AFTER Lorna moved into a unit in a Blue Care village she instructed her family, "If I can't eat it or wear it, I don't want it".

It was nearly Christmas and she had spent most of the year culling her possessions to fit into her new home.

She kept some furniture and small precious things.

The process exhausted her.

She had started her married life with only the things she had put in her "glory box".

Strike up a conversation with older people about Christmas traditions and it is not the trips to the shopping centre that they talk about.

This is the time of the year when we are bombarded with advertising about things that we didn't know we wanted.

Some feel pressured to buy things they cannot afford.

Bible verses warn against such materialism: "Do not store up for yourselves treasures on Earth, where moth and rust destroy, and where thieves break in and steal."

A study of the parables of Jesus will bring us to the fool who built bigger and bigger barns.

If we read about the people of Israel in the wilderness, we are reminded that manna was a provision made fresh each day and people who tried to hoard it found it spoiled.

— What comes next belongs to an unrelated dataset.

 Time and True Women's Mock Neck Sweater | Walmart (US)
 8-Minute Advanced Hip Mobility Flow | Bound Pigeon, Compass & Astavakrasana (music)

Indigenous people have lived gently on the earth for generations.

They taught their children that if they discovered a nest of eggs they must leave some to hatch.

For Western Christians, it can be difficult to avoid being drawn into a culture that encourages spending to the point of putting it on credit.

Friends told us that when their four children were small there was not much money for presents.

So they went to the local library and chose four books for each other.

They wrapped the books, put them under the tree, and spent the summer reading their partner's thoughtful choices.

Gary Chapman, in his book The Five Love Languages, claims that not everyone receives every present as an expression of love.

He suggests that five kinds of giving nourish different kinds of people.

He names the five "love languages" as quality time, words of affirmation, touch, acts of service and gifts. If you buy your child the most expensive gift and their love language is sharing quality time, then they will not experience the gift as topping up their love account.

You might as well have bought a balloon and spent the afternoon tossing it around the house together.

Even combing the nits from a child's hair can be experienced as a loving gesture of quality time.

A home-made gift voucher for a car wash, a cuddle or breakfast in bed might make an appropriate present.

While I recognise that business owners need to make a living, we could do some alternative gift-giving this year.

I know one minister's wife who gives a jar full of home-baked biscuits at Christmas time.

Another friend gives cuttings from her garden and someone else finds cute things in op shops and attaches a note.

A phone call to an old friend may be just what is needed.

I am a bit of a hoarder so my gift to myself is to empty some cupboards and donate good quality pre-loved clothes and books to a Lifeline store.

If you and your friends have all you need, make a donation to help someone feed their family or educate their children.

Giving expression to the extravagant love of God need not cost a lot of money.

Rev Kaye Ronalds is the Moderator of the Uniting Church.